**PROBLEM STATEMENT**. Print the entries underneath word for word, omitting whatever pictures they contain.

**DATA EXTRACTS**.
* * * * * * * * *

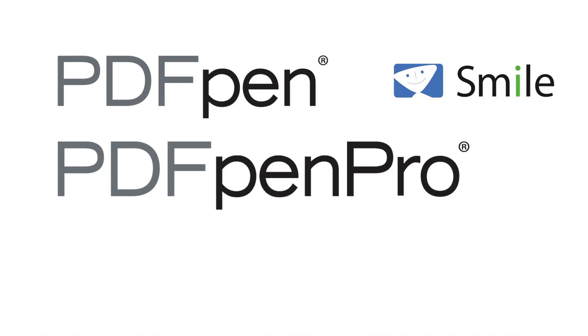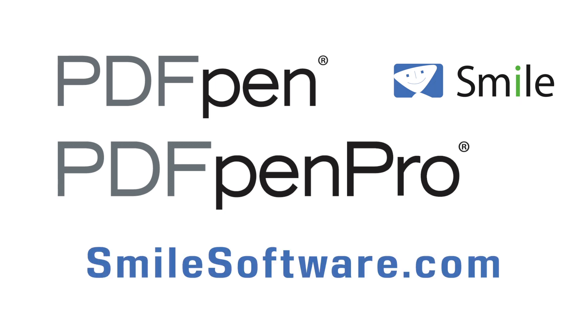This edition of Mac Voices is sponsored by PDFPen and PDFPen Pro by Smile, the essential PDF utility. Download free demos and find out more at smilesoftware.com.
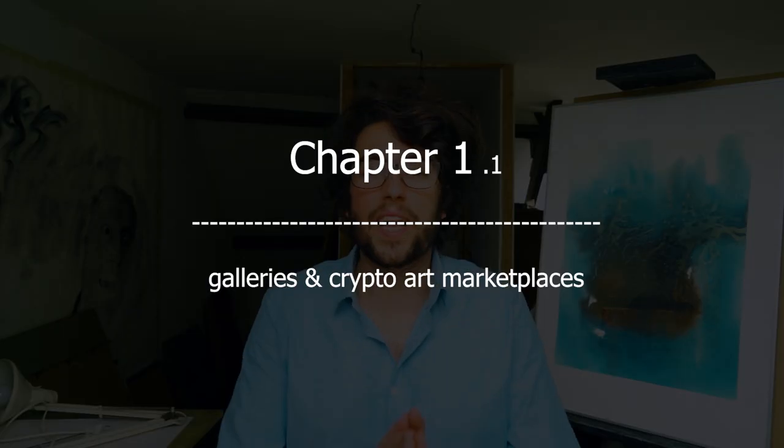The first way is through galleries and marketplaces. The benefit of working with galleries or crypto art marketplaces is that these people have an audience — they have collectors and can drive those collectors towards your art, resulting in sales. In return, these places will take commissions on those sales; for galleries that will usually be around 50%.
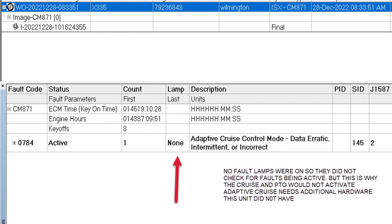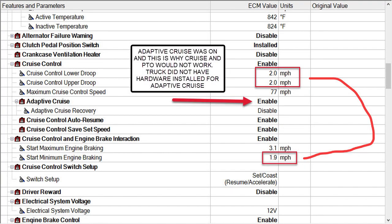Now let's take a look at how we corrected the issue. Here we are in Insight in the Features and Parameters. These are the adjustable ECM values that tailor the engine to the truck, and you can turn cruise control on and off — if it's on it's enabled, if it's off it's disabled. As engines and software progress they write new features in, and you can see they wrote adaptive cruise into this. Look to the left of the red arrow in the center of the screen — you see adaptive cruise, and that's an option you have once you enable cruise control.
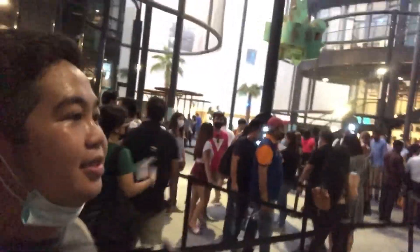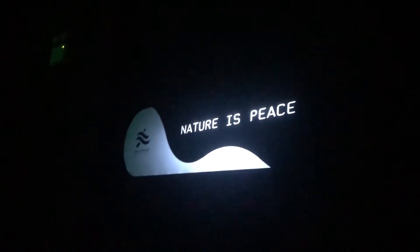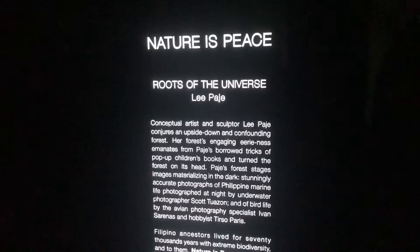We are coming inside the Philippines Pavilion. Welcome to the Philippine Pavilion! Welcome to Bangkota!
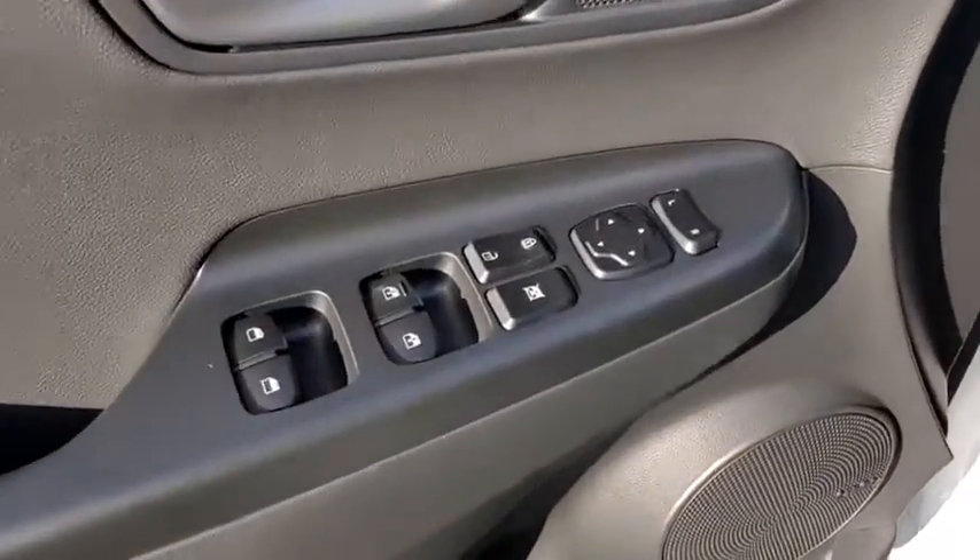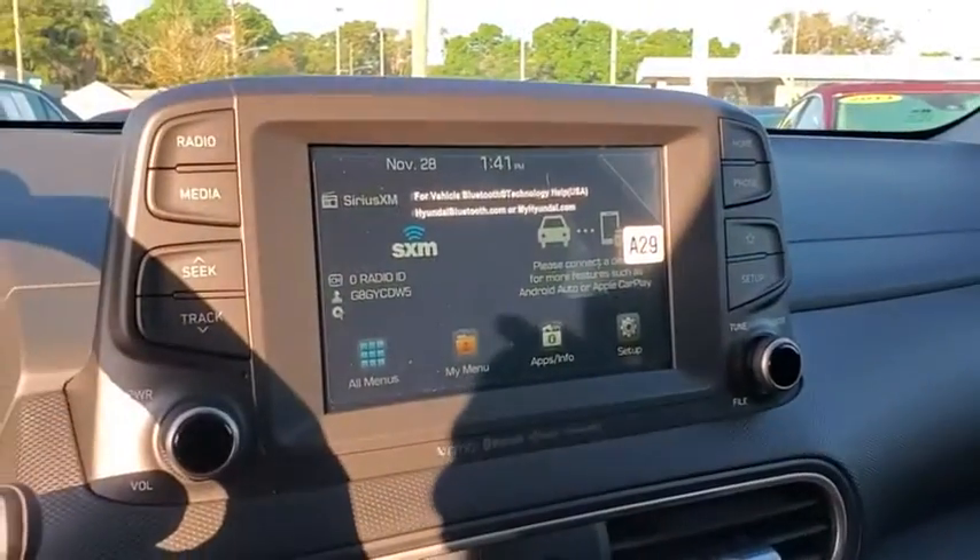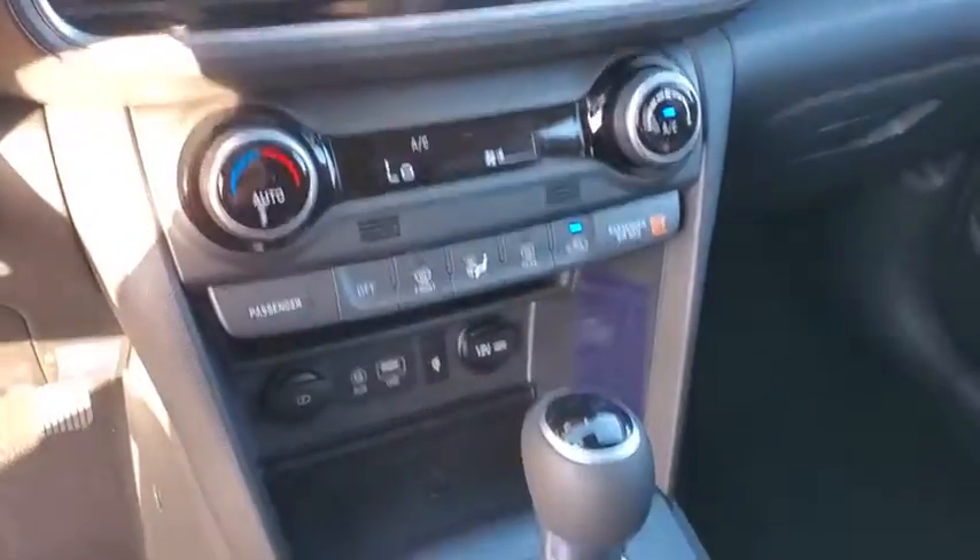Heated front seat, trip computer, rear window defroster, security system, power windows, power moonroof, carpeted floor mats, panic alarm, overhead console, leather seats.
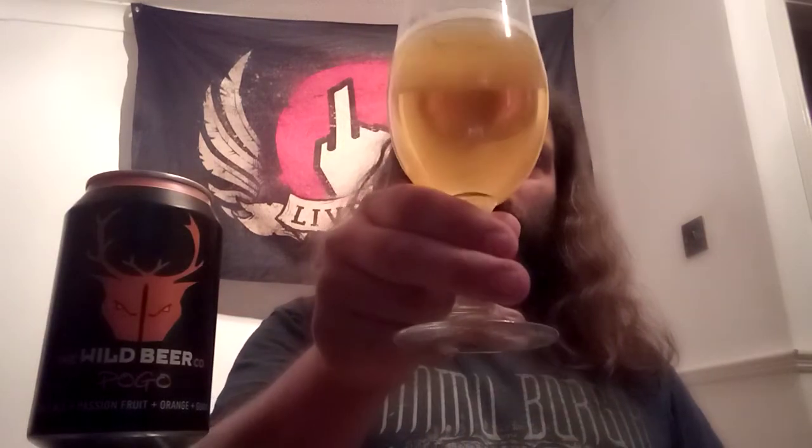Let's have a look at if they do mention the hops quickly. Nope. Water, barley malt, wheat, lactose — which gives it the creaminess in the head there — hops, yeast, orange, guava, passion fruit. There we go. Not a traditional beer at all.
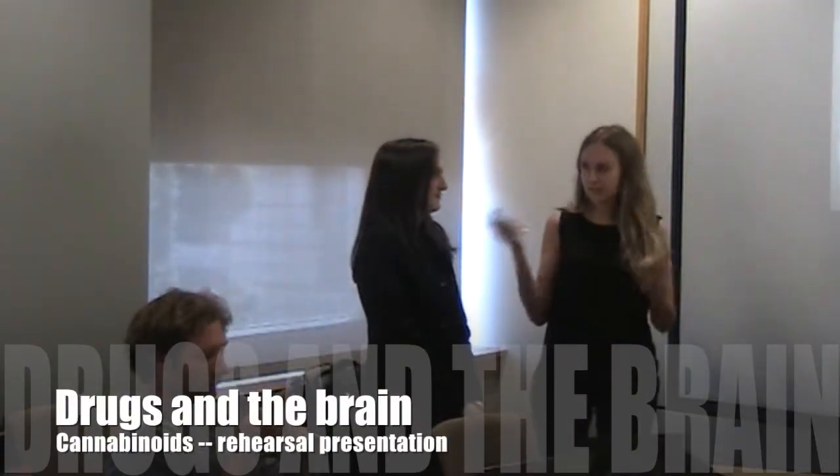Hi everyone, my name is Laura, this is Sadaf, and today we're going to be talking to you about cannabinoids.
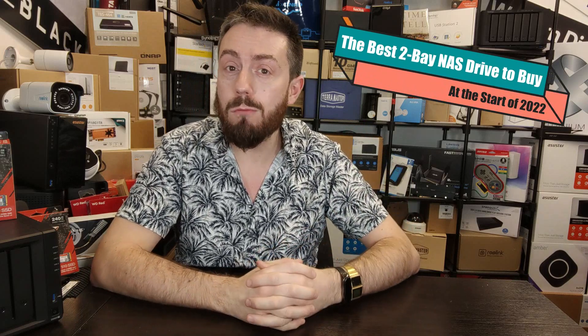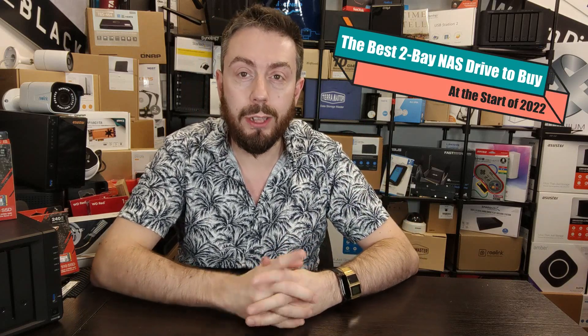Hello and welcome back. Today we are going to look at the very best two-bay NAS to buy right at the start of 2022. That first bit is very important — this is for the start of 2022. We don't know what's going to happen by the summer, what hardware is going to arrive, what's going to come, go, get refreshed, or get the boot.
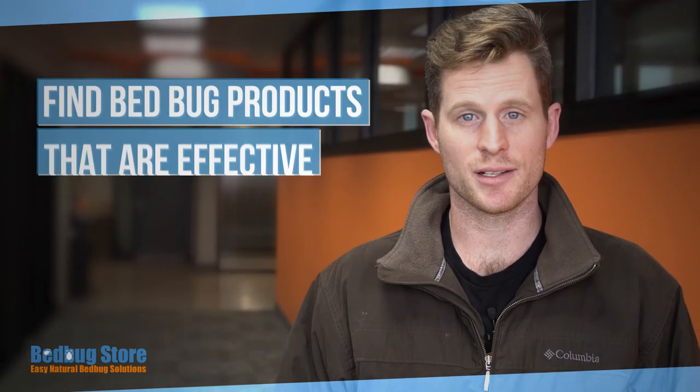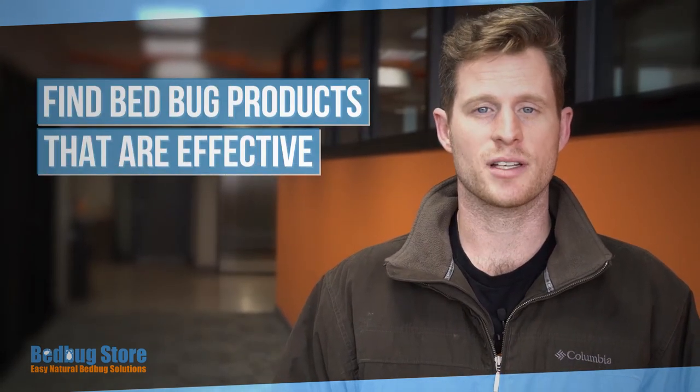Number two: find bedbug products that are effective. We have actually gone out into nature and found all-natural products that are incredibly effective. The truth is most bedbug sprays don't work. We get calls all the time from people asking, "Does this work? This is our third time treating our infestation." Use a product you can trust.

* * * * * * * * *

**PROBLEM SOLUTION**.
This edition of Mac Voices is sponsored by PDFPen and PDFPen Pro by Smile, the essential PDF utility. Download free demos and find out more at smilesoftware.com.
The first way is through galleries and marketplaces. The benefit of working with galleries or crypto art marketplaces is that these people have an audience — they have collectors and can drive those collectors towards your art, resulting in sales. In return, these places will take commissions on those sales; for galleries that will usually be around 50%.
Now let's take a look at how we corrected the issue. Here we are in Insight in the Features and Parameters. These are the adjustable ECM values that tailor the engine to the truck, and you can turn cruise control on and off — if it's on it's enabled, if it's off it's disabled. As engines and software progress they write new features in, and you can see they wrote adaptive cruise into this. Look to the left of the red arrow in the center of the screen — you see adaptive cruise, and that's an option you have once you enable cruise control.
We are coming inside the Philippines Pavilion. Welcome to the Philippine Pavilion! Welcome to Bangkota!
Heated front seat, trip computer, rear window defroster, security system, power windows, power moonroof, carpeted floor mats, panic alarm, overhead console, leather seats.
Let's have a look at if they do mention the hops quickly. Nope. Water, barley malt, wheat, lactose — which gives it the creaminess in the head there — hops, yeast, orange, guava, passion fruit. There we go. Not a traditional beer at all.
Hi everyone, my name is Laura, this is Sadaf, and today we're going to be talking to you about cannabinoids.
Hello and welcome back. Today we are going to look at the very best two-bay NAS to buy right at the start of 2022. That first bit is very important — this is for the start of 2022. We don't know what's going to happen by the summer, what hardware is going to arrive, what's going to come, go, get refreshed, or get the boot.
Number two: find bedbug products that are effective. We have actually gone out into nature and found all-natural products that are incredibly effective. The truth is most bedbug sprays don't work. We get calls all the time from people asking, "Does this work? This is our third time treating our infestation." Use a product you can trust.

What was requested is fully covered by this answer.